- Exercise -
When you reach the line containing "Polo-met-structuurgebreide-kraag", begin reproducing the lines exactly and continue through the end of the listing, leaving out the pictures.

- Data listing -
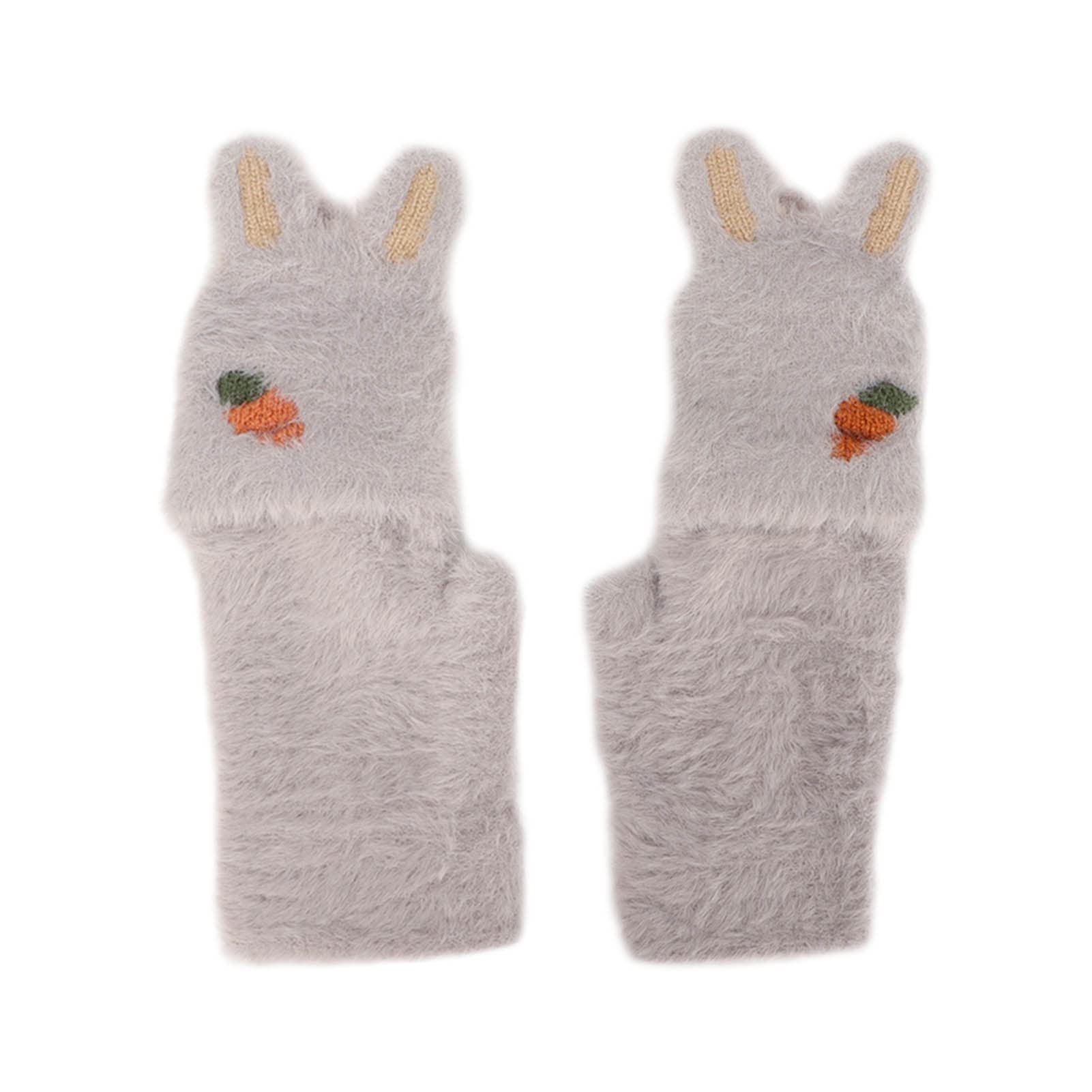 Guanti riscaldati USB Guanti invernali riscaldanti bifacciali in peluche accoglienti senza dita per lavoro studio Grigio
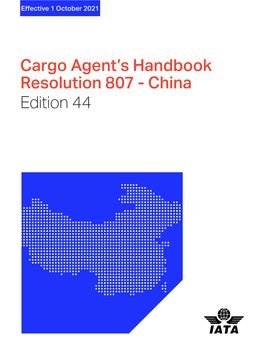 Cargo Agent's Handbook Resolution 807 China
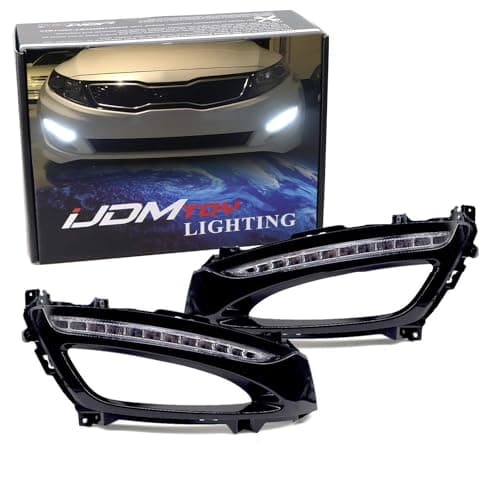 iJDMTOY Xenon White LED Daytime Running Lights Compatible With 11-13 Kia Optima w/Glossy Black Bezel Covers, Direct Replacement DRL Bezel Assembly Powered by 12 Pieces High Power LED Bulbs Each Lamp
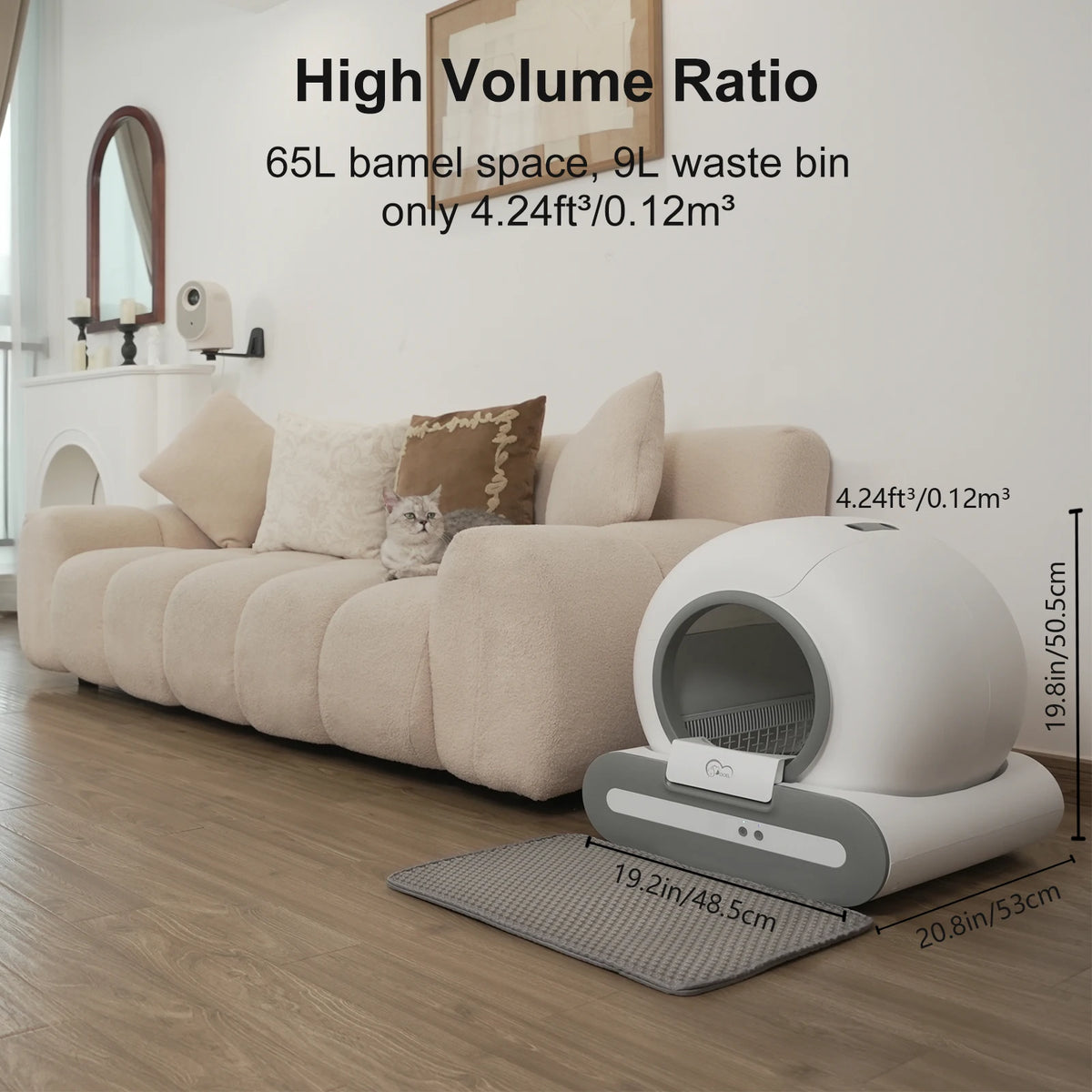 DOEL Self Cleaning Cat Litter Box With 2.4G WiFi App Control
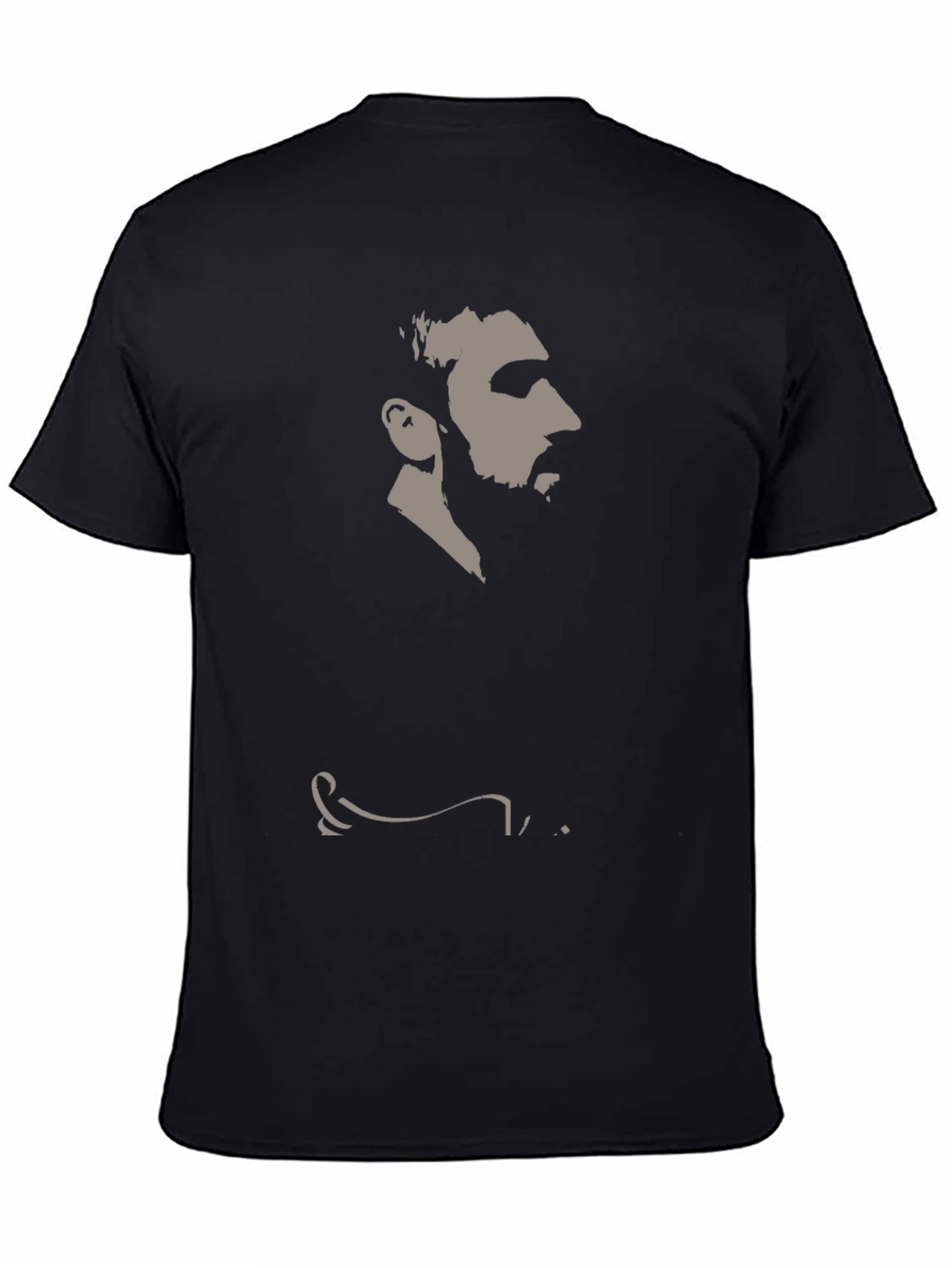 Mens Black Graphic Tee - Silhouette Portrait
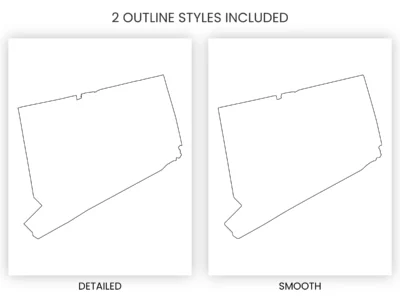 Connecticut Blank Outline Map Printable, State Outline, JPG PDF PNG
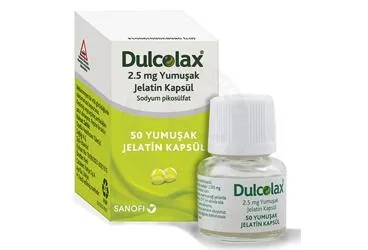 DULCOLAX 2,5 MG 50 YUMUSAK KAPSUL (sodyum pikosülfat) ürün ambalajı, yumuşak kapsül. Üretici: OPELLA HEALTHCARE TÜKETİCİ SAĞLIĞI ANONİM ŞİRKETİ.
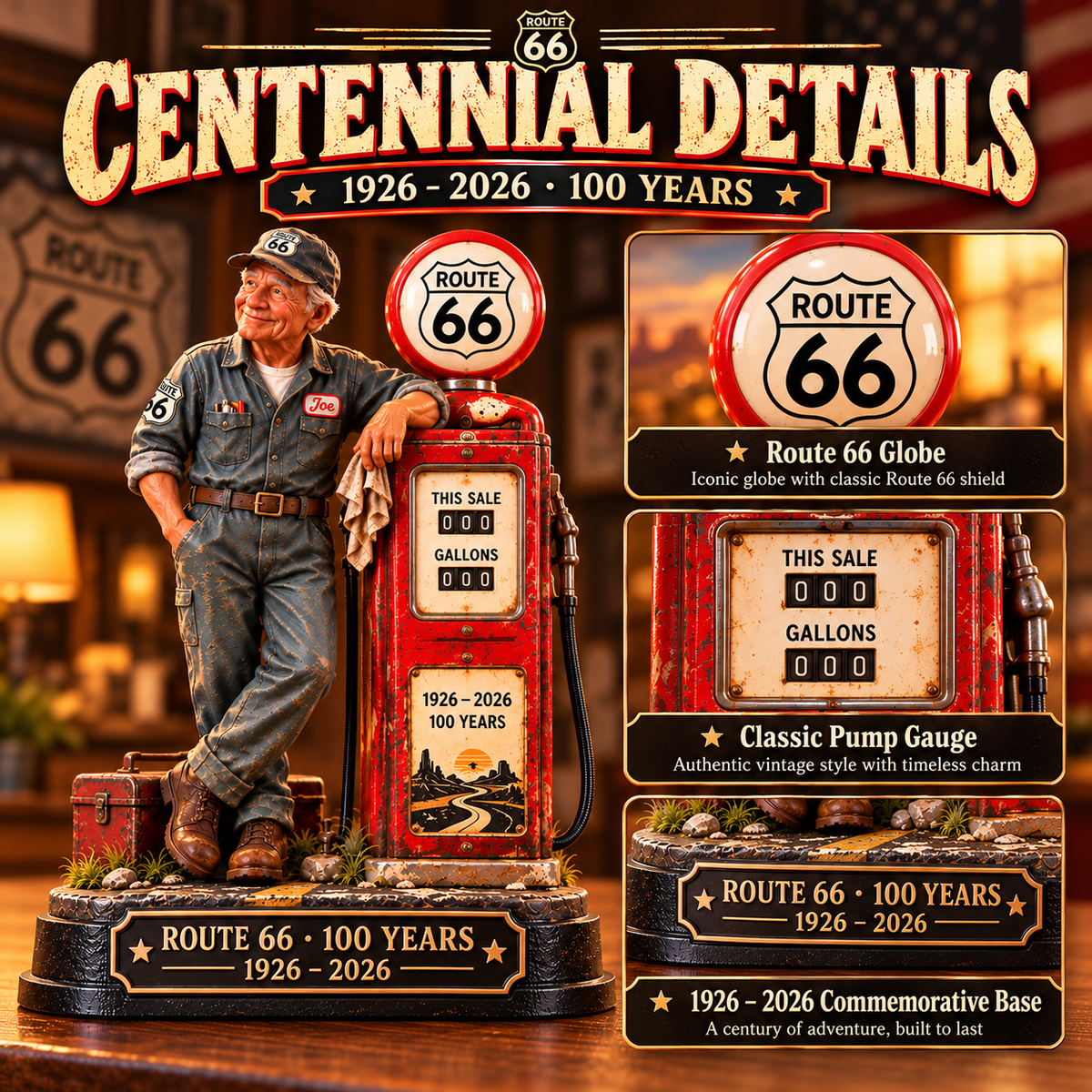 Route 66 globe and classic mechanical pump gauge with anniversary plaque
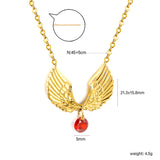 1 pair of wings with 1 red diamond pendant 21.3*15.8 necklace 45+5cm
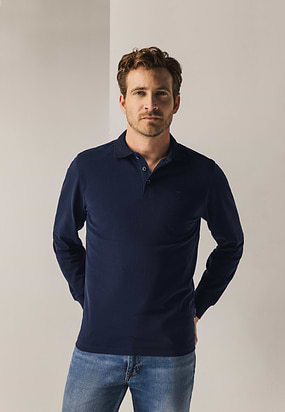 Polo-met-structuurgebreide-kraag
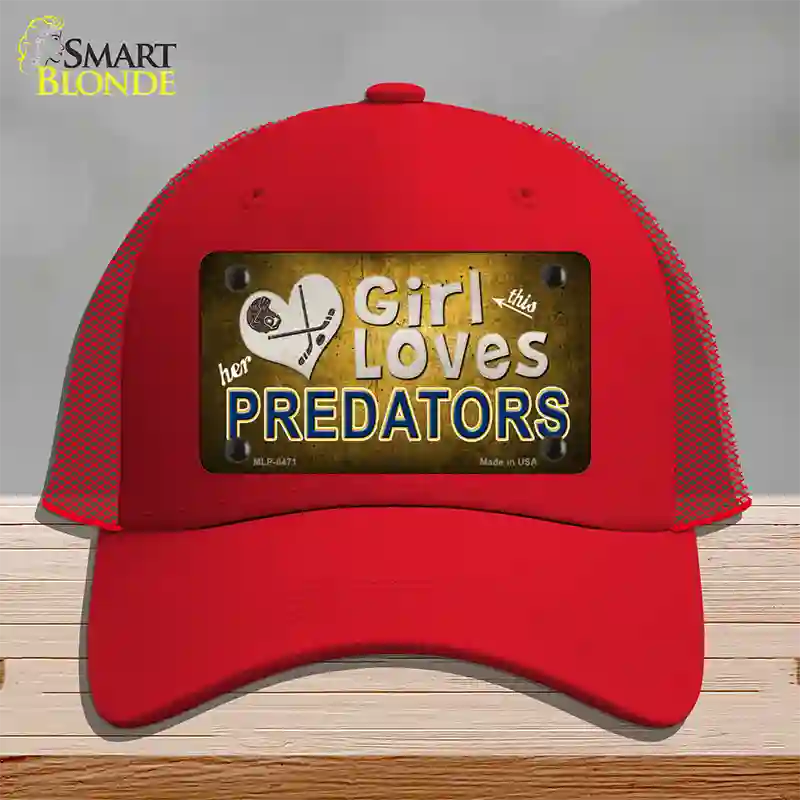 This Girl Loves Her Predators Novelty License Plate Hat Mesh / Red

- Solution to this task -
 Polo-met-structuurgebreide-kraag
 This Girl Loves Her Predators Novelty License Plate Hat Mesh / Red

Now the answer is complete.